You must have X-ray vision to be able to see through that soil just from pictures. I'll admit that I do work at improving it all the time....and it pays dividends.


----------



## Rubberback (Sep 9, 2008)

Meadowlark said:


> Thanks PW...but I got you on age. Life is sweet and gets sweeter every year.
> 
> You must have X-ray vision to be able to see through that soil just from pictures. I'll admit that I do work at improving it all the time....and it pays dividends.


You can't beat bird poop. However, I like bat guama too. Merry Christmas again & If I'm not mistaken Happy Birthday on the First plus Happy New Year as well.
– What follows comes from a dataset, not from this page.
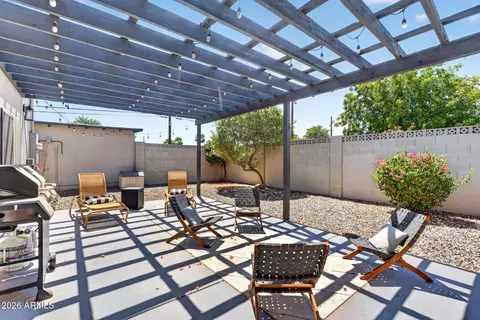 Exterior - 4401 N 19th Pl, Phoenix, AZ 85016 photo 5 of 8
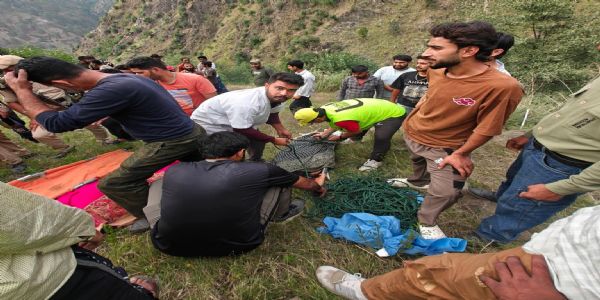 ڈوڈہ کے ملہوری علاقے میں کار حادثے کا شکار، تین مسافر جاں بحق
You old fart.LOL!


----------



## Mikeyhunts (Jun 4, 2007)

Merry Christmas to all of you. I have learned a lot from all of you over the last two years since I planted my first garden. Its now my main day to day hobby.
My seasonal garden just keeps getting better and better. Ill take some pics today. I want some advice on the worlds biggest artichoke. Pull it , or leave it?


----------



## Dick Hanks (Aug 16, 2007)

Merry Christmas to all of you as well. It is so nice to see the "Green" in those pictures this time of year. The only things that are green up here are the pine trees and some of the deer droppings.
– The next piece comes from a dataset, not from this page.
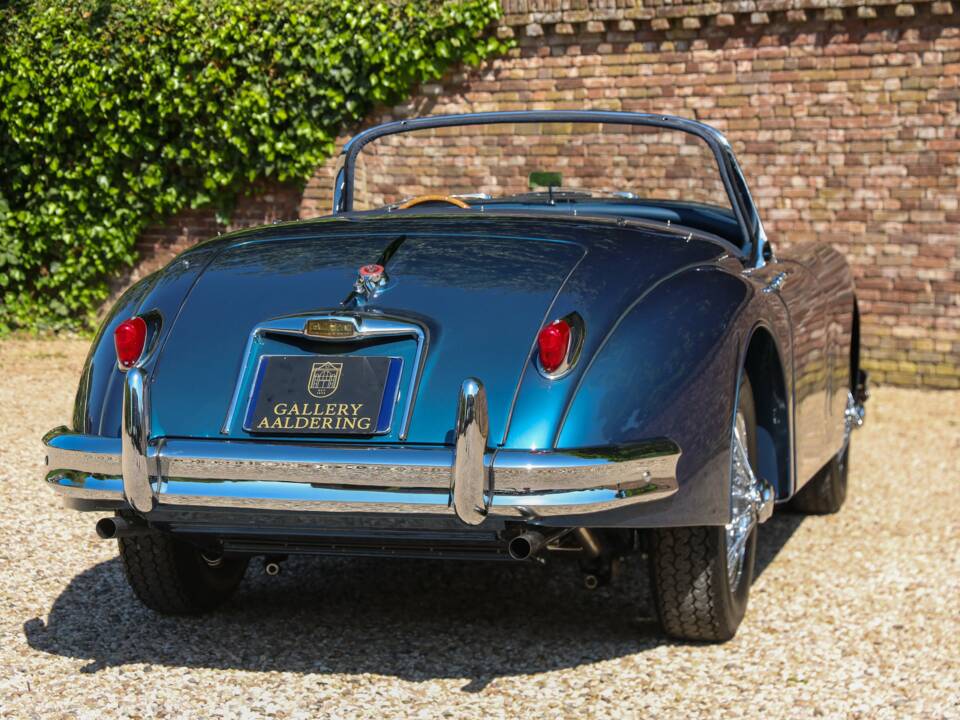 Image 46/50 of Jaguar XK 150 3.4 S OTS (1958)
I'm really looking forward to being back in Texas in a couple of weeks.

May all of you get your rain when you need it, your plants be lush and bear heavily. 

Keep your hands dirty!


----------



## peckerwood (Jun 9, 2012)

I like pine trees and deer poop! Head this way DH,we'll be waiting for you.


----------



## Meadowlark (Jul 19, 2008)

Mikeyhunts said:


> Merry Christmas to all of you. I have learned a lot from all of you over the last two years since I planted my first garden. Its now my main day to day hobby.
> My seasonal garden just keeps getting better and better. Ill take some pics today. I want some advice on the worlds biggest artichoke. Pull it , or leave it?


 LEAVE IT, Mikeyhunts. Its a perennial here in our part of the world.

Last cold snap I covered mine with hay and it did just fine . Temps hit about 29 deg.

Looking forward to seeing your pictures of them.


----------